- _Task material_:
=== Section Start ===

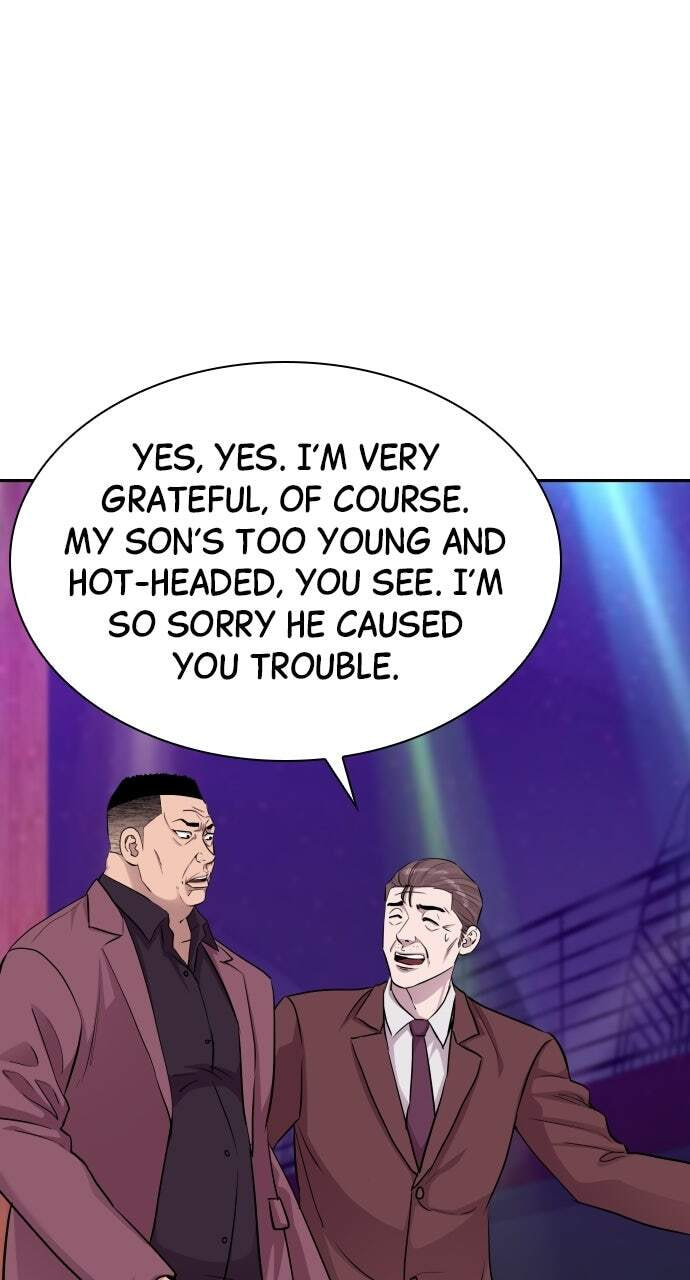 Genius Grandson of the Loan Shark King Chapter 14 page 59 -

=== Section End ===
=== Section Start ===

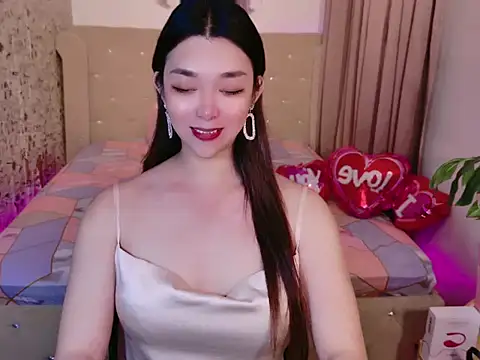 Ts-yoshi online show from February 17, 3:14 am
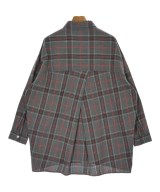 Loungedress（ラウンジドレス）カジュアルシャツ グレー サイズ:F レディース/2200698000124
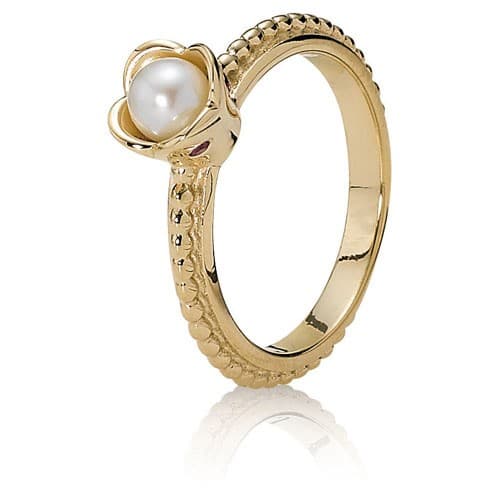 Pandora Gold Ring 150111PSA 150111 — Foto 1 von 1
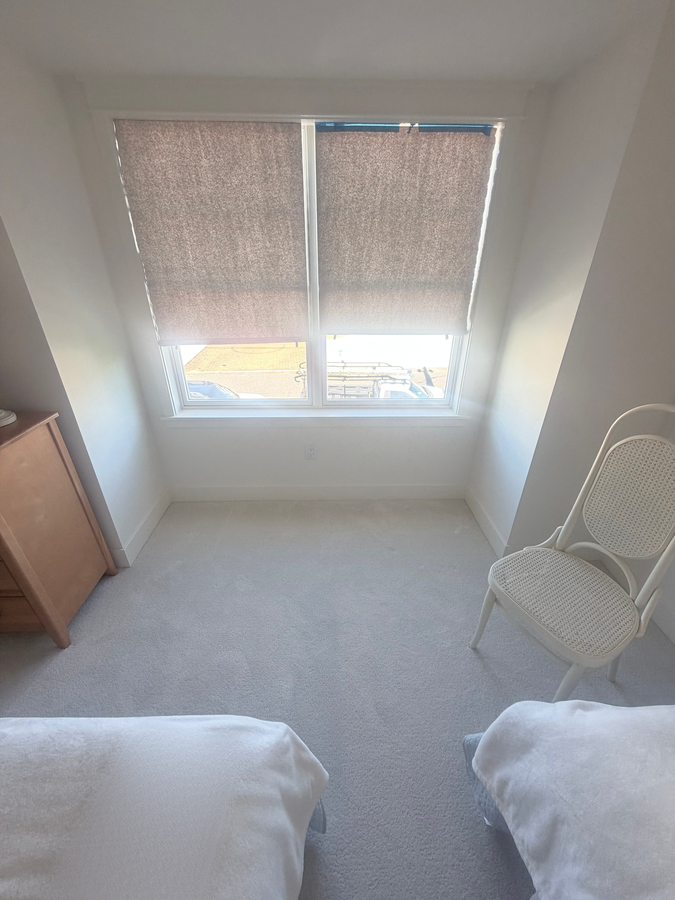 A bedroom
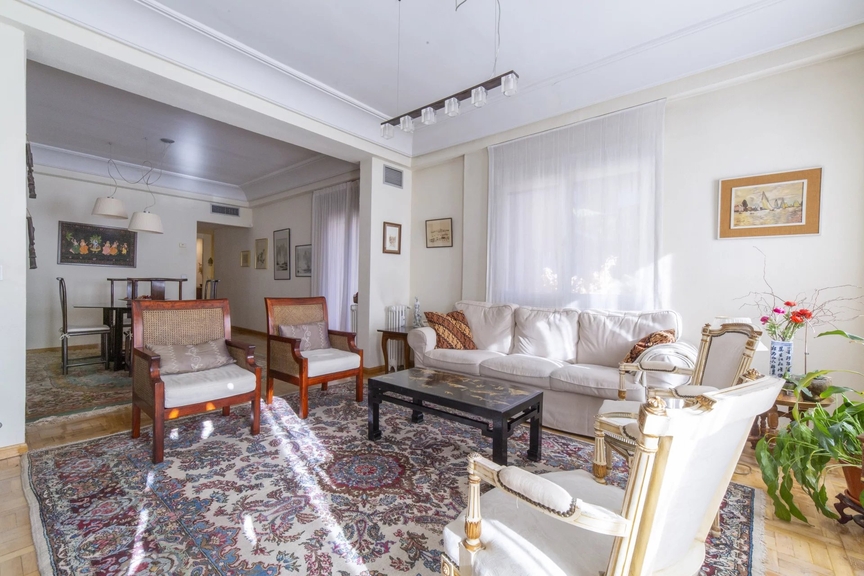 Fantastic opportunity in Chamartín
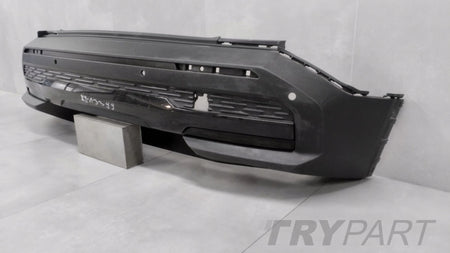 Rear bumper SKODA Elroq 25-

=== Section End ===

- _Required action_: Please return the data above exactly as it stands from the line with "Fantastic opportunity in Chamartín" to the line with "Rear bumper SKODA", keeping both of those lines but none of the pictures.

- _Solution to this exercise_:
 Fantastic opportunity in Chamartín
 Rear bumper SKODA Elroq 25-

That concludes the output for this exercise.